Last week, too, he picked another career “honour” when Melbourne sports radio station SEN named captain of the station’s Team of the Century for footballers who are “famous for not being footballers”. Like Fitzgerald.
It is a regular weekly afternoon segment hosted by Kevin Bartlett and ‘Doctor Turf’ in which listeners nominate players and then Bartlett, the former AFL games record-holder, picks his team.
This was one of their best and also included former Swans players turned cricketing ace Jamie Siddons.
BACKLINE
Bill Mildenhall. International basketball referee. Played 74 games for St Kilda from 1974-82.
Craig Ellis. Bikini and swimwear mogul. Played 107 games with the Western Bulldogs from 1994-2001 and 15 games with Melbourne in 2002.
Rex Hunt. Fisherman and media personality. Played 113 games for Richmond from 1968-74, including the 1968 and 1973 premierships and the 1972 grand final loss, plus 32 games for Geelong from 1974-75 and 57 games for St Kilda from 1976-78. Total: 202 games.
HALF BACK LINE
Jamie Siddons. Record-breaking Sheffield Shield cricketer with Victoria and South Australia. Played two games with the Swans in 1984
Lindsay Fox. Trucking magnate. Played 20 games with St Kilda from 1959-61.
Robert Hickmott. Two-time Melbourne Cup-winning horse trainer with Green Moon (2012) and Almandin (2016). Played two games with Melbourne in 1990-91.
CENTRE LINE
Jamie Cooper. Artist best known for painting the ‘Team of the Century’ of the AFL and a number of AFL clubs. Played 26 games with Fitzroy from 1994-97.
Don Chipp. Inaugural leader of the Australian Democrats Party. Played three games with Fitzroy in 1947.
Barry Ion. Legendary South Australian radio broadcaster. Played 40 games with Footscray from 1961-65 and was a member of the Dogs’ 1961 grand final side.
HALF FORWARD LINE
Ryan Fitzgerald (captain). Breakfast radio host, television regular and comedian.
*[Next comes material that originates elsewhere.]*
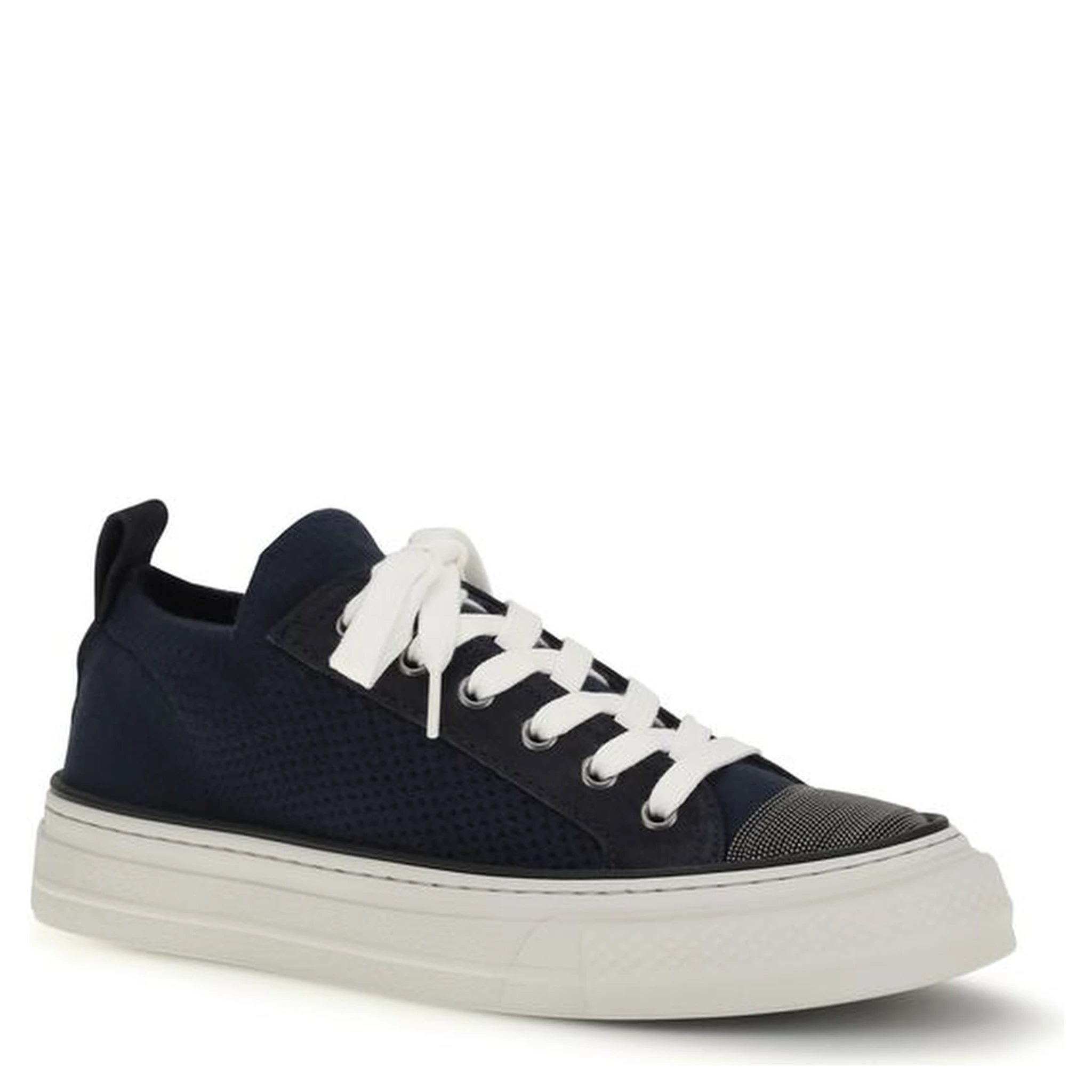 Black Cotton Low Top Sneakers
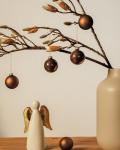 Brown Glass Christmas Ornaments - Set of 12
Played 10 games with the Sydney Swans in 2000 and eight games with Adelaide in 2002.
Keith Miller. Legendary Australian Test cricketer named vice-captain of the Team of the Century. Played 50 games with St Kilda from 1940-42 and 1946.
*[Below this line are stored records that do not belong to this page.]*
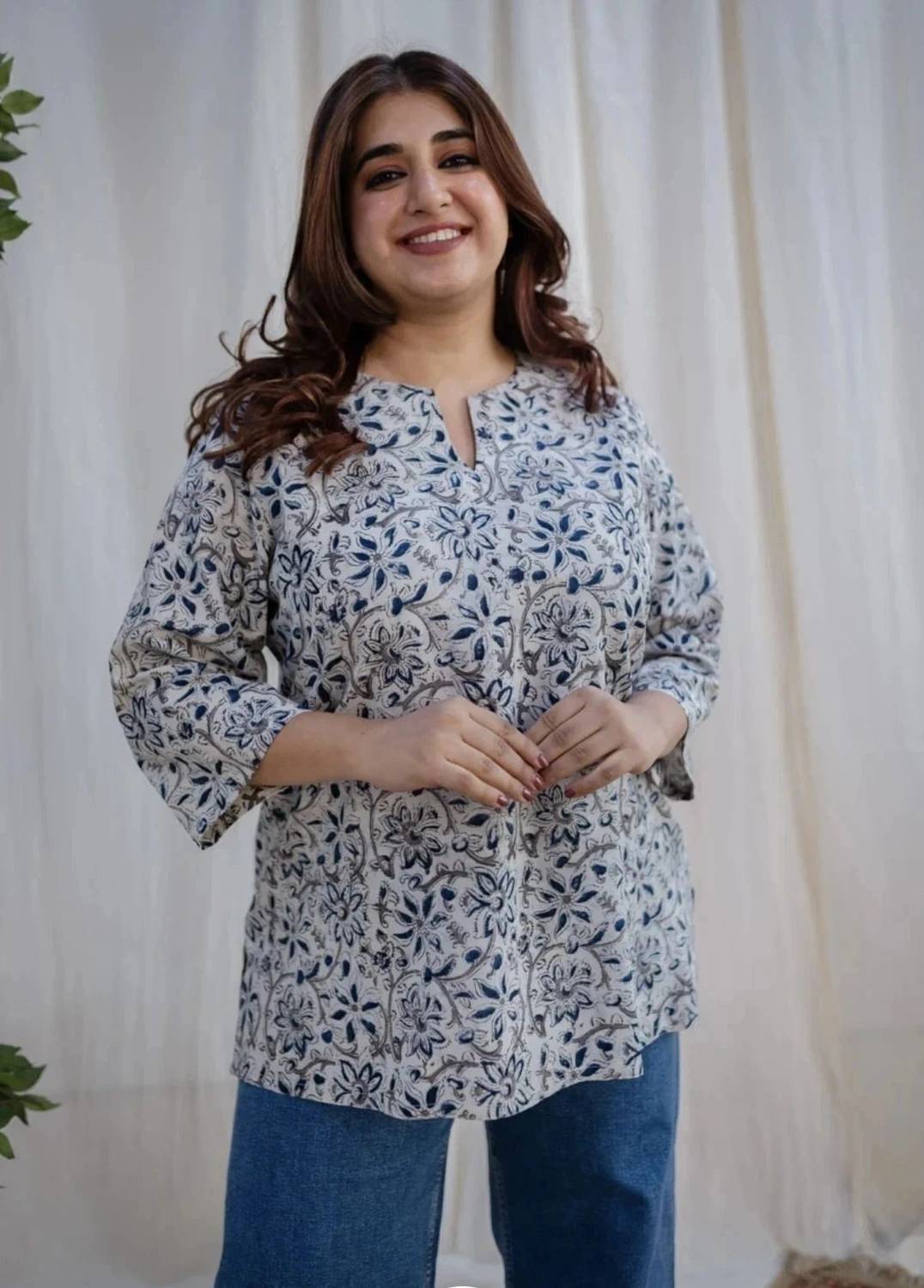 Mabri Formal Floral Print Women White Top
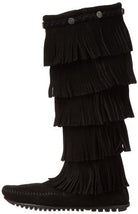 Minnetonka 5 - Layer Fringe Boot - Women's Black Shoe Deals Outlet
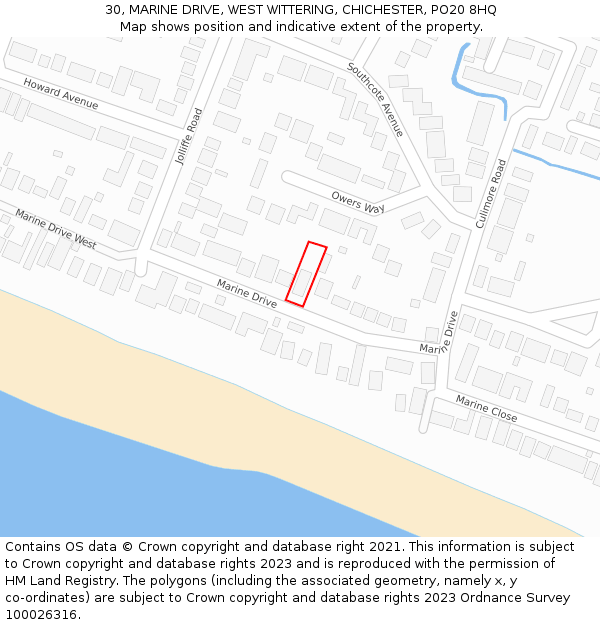 30, MARINE DRIVE, WEST WITTERING, CHICHESTER, PO20 8HQ: Location map and indicative extent of plot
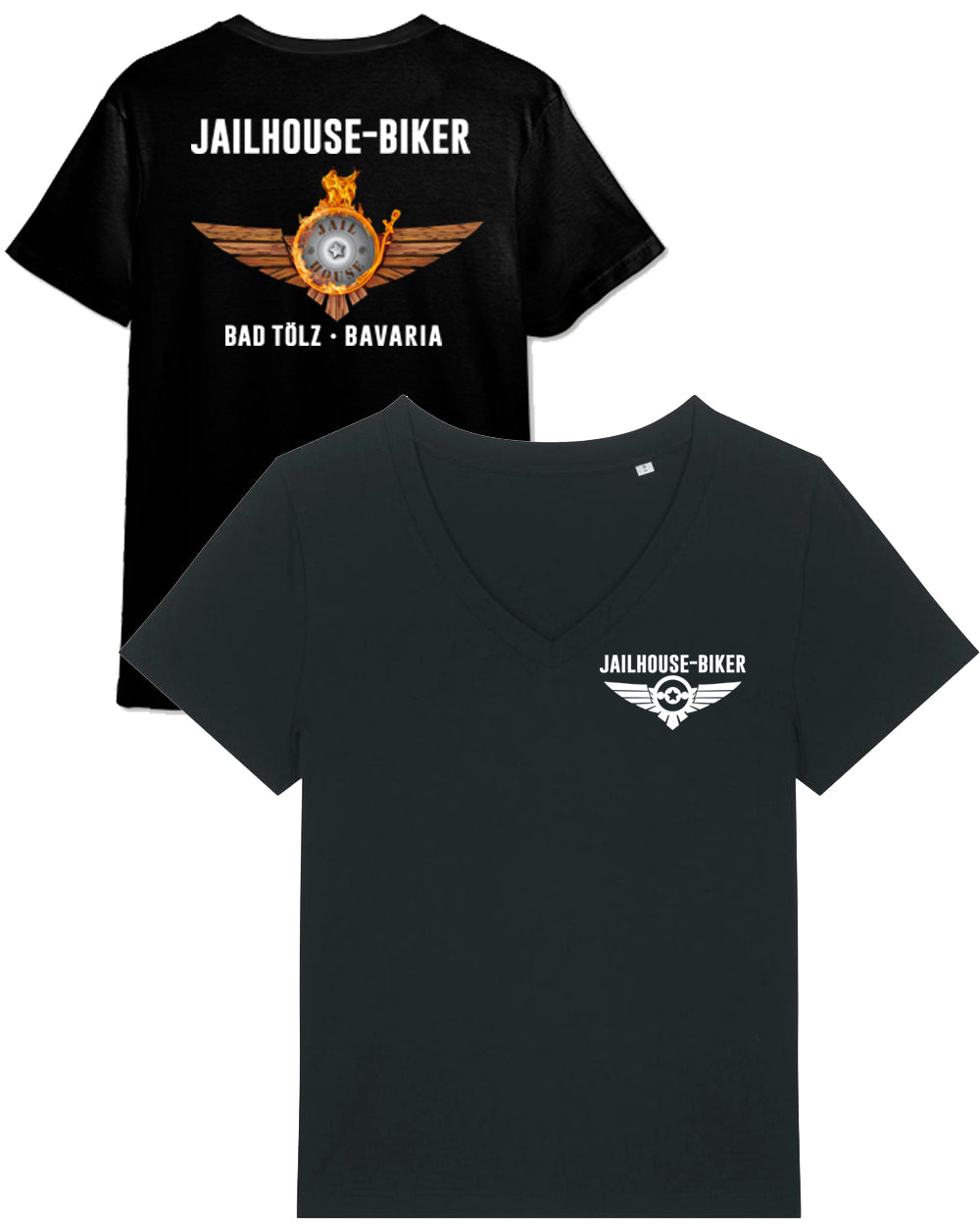 Jailhouse Biker Damen T-Shirt V-Ausschnitt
Brian Morrison. A world champion shearer and member of the World Shearing Hall of Fame. Played six games with Richmond in 1960.
FULL FORWARD LINE
Bill Lang. Australian Boxing Hall of Famer who was the first Australian to fight for the world heavyweight title. Played 14 games with Richmond in 1908-09.
Simon O’Donnell. International Cricketer of the Year and noted horse racing and media personality. Played 24 games with St Kilda in 1982-83.
Shaun Hampson. Husband of supermodel Megan Gale. Played 98 games with Carlton and Richmond from 2007-16.
RUCK
Max Walker. Test cricketer and author. Played 85 games with Melbourne 1967-72.
Ambrose Palmer. Australian boxing champion, trainer and Hall of Famer who was in Johnny Famechon’s corner when he fought for the world title. Played 83 games with Footscray from 1933-43.
Ray Groom. Tasmanian Premier. Played 92 games with Melbourne from 1963-68.
INTERCHANGE
Ray Steele. Manager of the Australian Cricket Team on the 1972 Ashes tour to England and long-time Victorian cricket administrator who led the establishment’s fight against Kerry Packer and World Series Cricket. Played 42 games with Richmond from 1940-43, and was a member of the 1943 premiership side after grand final losses in 1940 and ’42.
Jack Galbally. Victorian politician and prominent barrister . Played seven games with Collingwood in 1933-34.
Israel Folau, Australian rugby league and rugby union international. Played 13 games for GWS in 2012.
Karmichael Hunt. Australian rugby league and rugby union international. Played 44 games for Gold Coast 2011-14.